Сева принял информацию к сведению; он вообще был сообразительный человек – иначе не достиг бы таких высот «в своей епархии»:

– Чего от меня хотят? Стучать? Я «вор в законе» и на «кума» не работаю.

Александр покачал головой:

– Да брось ты! Процентов семьдесят из ваших «законников» были в контакте, и подписки многие давали: «Отказываюсь от воровского звания и проповедования воровских идей… Обязываюсь помогать и содействовать пресечению… Прошу перевести в больничку…» – Бондарович брезгливо скривился. – Грош цена вашей философии, когда петух клюнет… когда в перспективе – на задворках остаться.

– Думаешь, и я такую ксиву напишу? – глаза Могилевчука бегали, выдавая его растерянность.

На этот раз смолчал майор, оставляя Севе простор для соображения. К тому же Александр не хотел без особой нужды злить волка.

Сева рассуждал вслух:

– Семьдесят процентов! Это брехня ваша, специально для дураков. Суки, конечно, везде были. За всех я голову не положу. Но скорее, из ваших «рексов» семьдесят процентов на прикормке у «братвы» состоят.
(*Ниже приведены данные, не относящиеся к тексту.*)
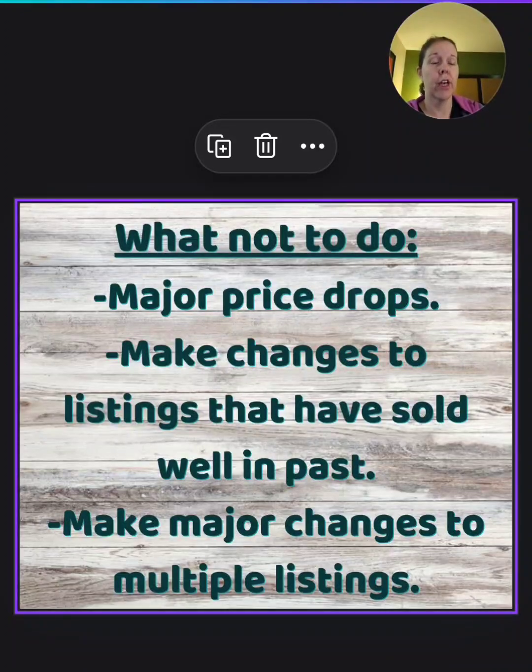I have actually sold products for way less than I should have, and after all the time and energy I put into it, I didn't make anything. What was I thinking? It's just not worth it.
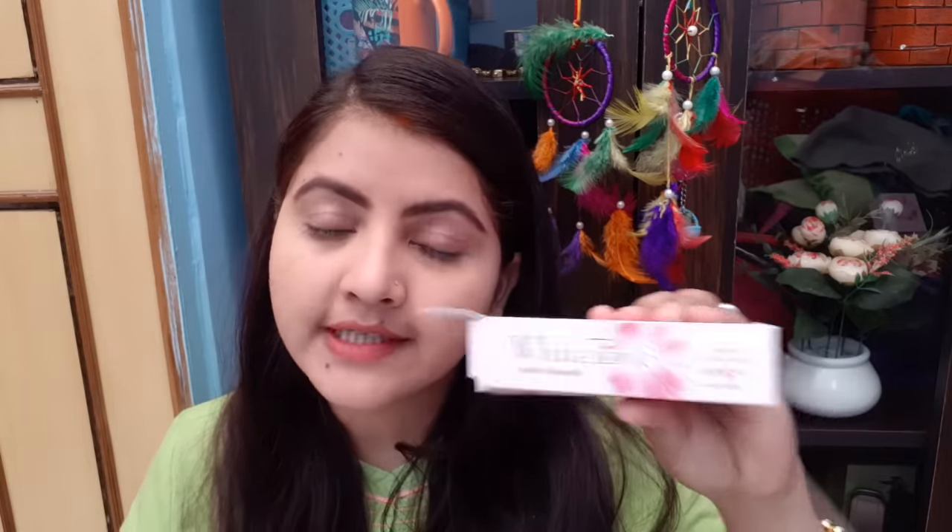Hello everyone, welcome to Rara. Today I am going to review a fairness cream which is very affordable and you can use it everyday. This is White Tone Soft and Smooth Fairness Cream for everyday use, and it gives you sun protection so you can use it in the daytime. It is 75 rupees and the product quantity is 25 grams. This is the packaging.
А всей правды ни ты, начальник, ни я, – оба не знаем.

– Вся правда мне ни к чему, – Банда взял серьезный тон. – А вот кое-что важное мы хотим от тебя услышать. И тебе это не сильно повредит…

– И что я получу с этого? – стрельнул глазами Могилевчук. – Что ты уполномочен предложить?

– Вот видишь, Могилев, ты уже торгуешься с майором. Забыл про свой «высокий чин», – усмехнулся Александр. – Всего два часа тебя потребовалось колоть. И все – спекся. Слабоват…

Авторитет встрепенулся:

– Гонишь лошадей. Я с тобой по рукам не ударял. А за спрос, как говорится, в лоб не бьют…

– От меня лично ты бы пулю получил, с моим удовольствием, – как говорят в Одессе.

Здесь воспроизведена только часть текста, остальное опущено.